Amazon EC2 was used by them in order to perform the cloud computing needs for the
Critical Energy Infrastructure.
    At the same time nowadays we can describe situation, when number of physical
machines for IaaS Cloud data centers are climbing fast and different scientists try to
help providers control their availability level [2], [3]. Most of the scientists usually
prefer to use Markov models in order to solve different tasks for concrete computer
systems, including Cloud Infrastructures. In fact Continuous Time Markov Chains are
main toolkit and predominate among the different mathematical models of availability
and reliability for IaaS Cloud [4]. Stochastic Petri Nets [5] also featured heavily in the
list with Reliability Block Diagrams [6], Fault Trees and Reliability Graphs all among
the best techniques, which researches of cloud computing systems prefer to use.
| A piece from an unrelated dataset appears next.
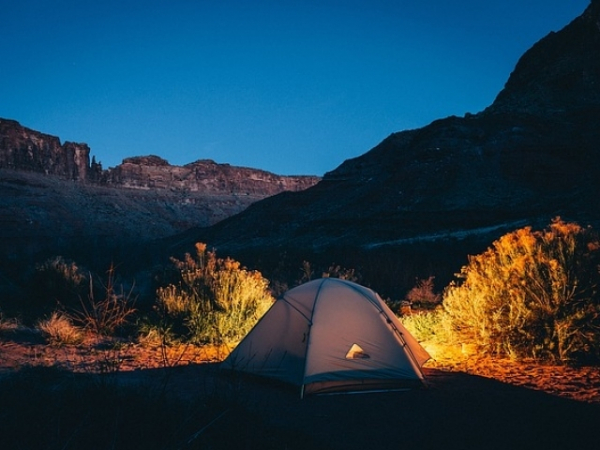 You are camping and you hear a noise. What is most likely outside of your tent?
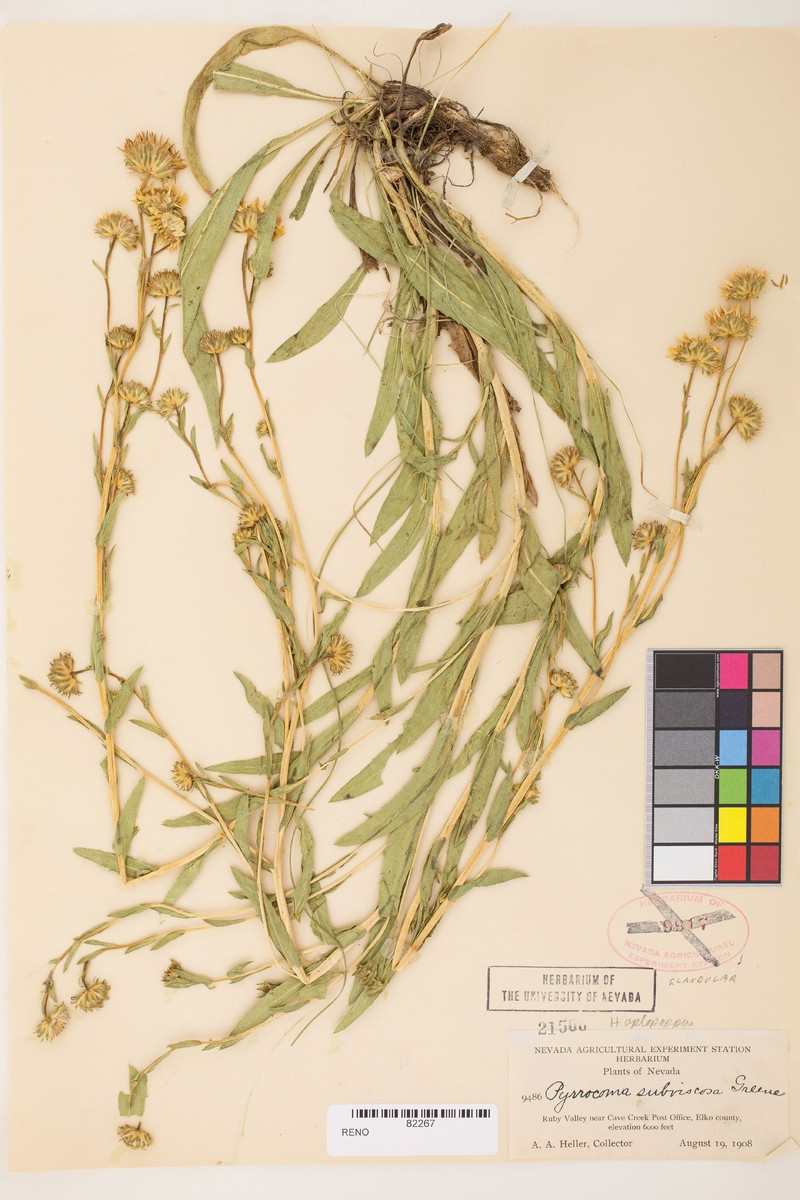 Pyrrocoma subviscosa photo 5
    However researchers have to take into consideration that these types of models
need to describe different events for IaaS Cloud, including sudden and hidden
failures, repairs and monitoring services. We can't afford to ignore issues, that to
relate to the monitoring of technical and information states of different components
for cloud infrastructures. Our researches show, that due to combination of
deterministic and stochastic durations into working cycle of Infrastructure as a
Service Cloud, this availability model can be presented by us as Semi-Markov model.
We will also try to consider solutions for IaaS Cloud on base of benefits added by
description of Semi-Markov process with special states. It gives us a way to conduct
quite deep analysis of IaaS Cloud behavior in different negative situations, involving
accidents of data centers, failures of physical and virtual machines or even DoS and
DDoS attacks. At the same time we won't theorize approaches and techniques that
related to the availability of cloud infrastructure. We will only consider concrete
situation for the IaaS Cloud with definite number of PMs.
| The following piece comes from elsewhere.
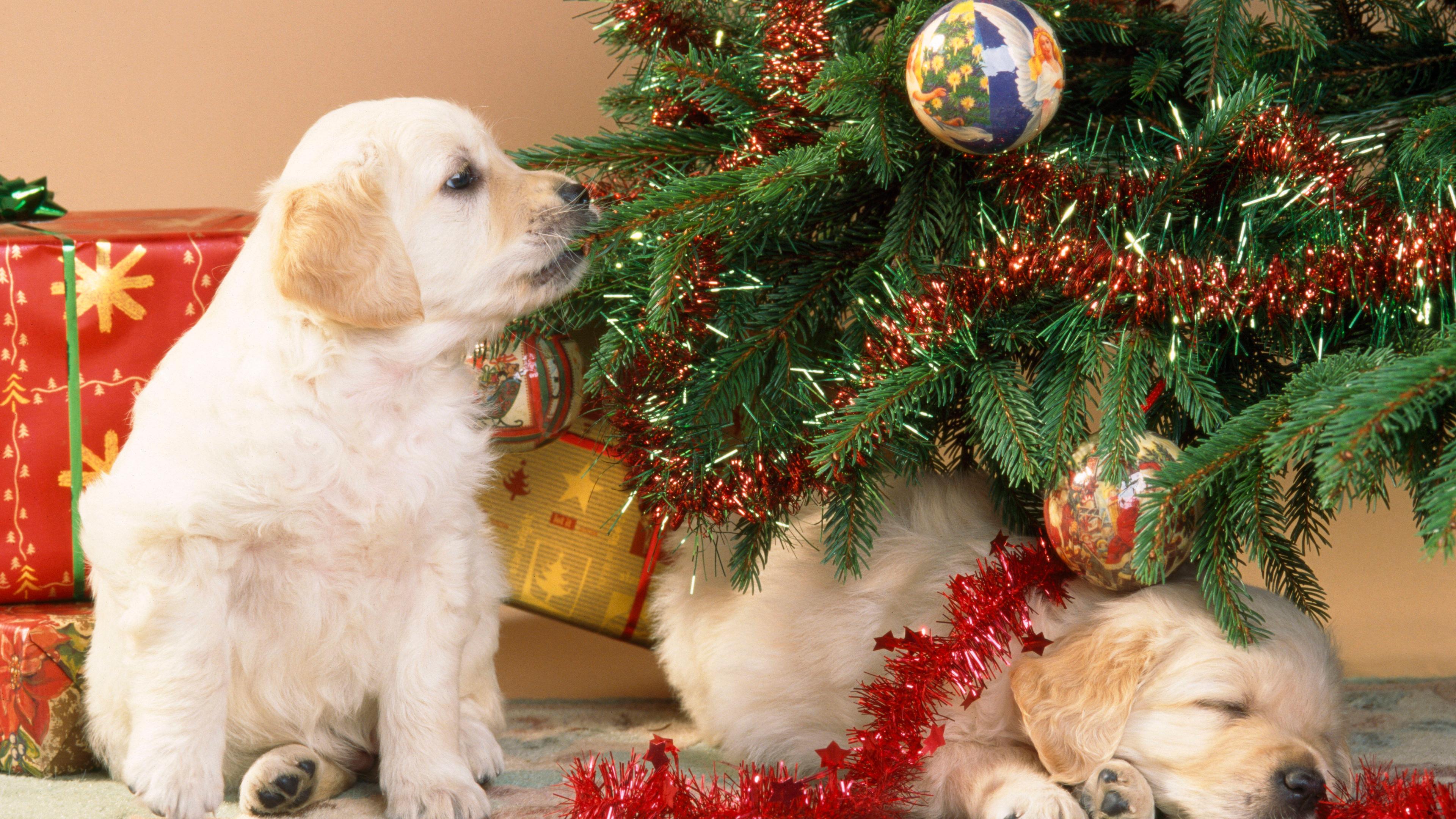 Zwei jungen Golden Retriever Hunde unter einem Weihnachtsbaum.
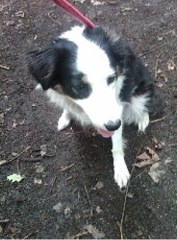 Steph's Dog Walking Ellesmere Shropshire Logo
    In this paper, we consider how to build Semi-Markov availability models for the
IaaS Cloud with three pools of physical machines (PMs) and Technical State Control
System. Note that, IaaS Cloud provider can substitute one machine for another in case
definite PM is failed. PMs are grouped into three pools such as: hot, warm and cold
pools [7], [8].
    Rest parts of this paper are organized as follows. In Section 2 a special approach
for availability analysis of IaaS Cloud with three multiple pools is described by us,
considering sudden and hidden failures of PMs. Final Section 3 introduces the
conclusions statement of our researches.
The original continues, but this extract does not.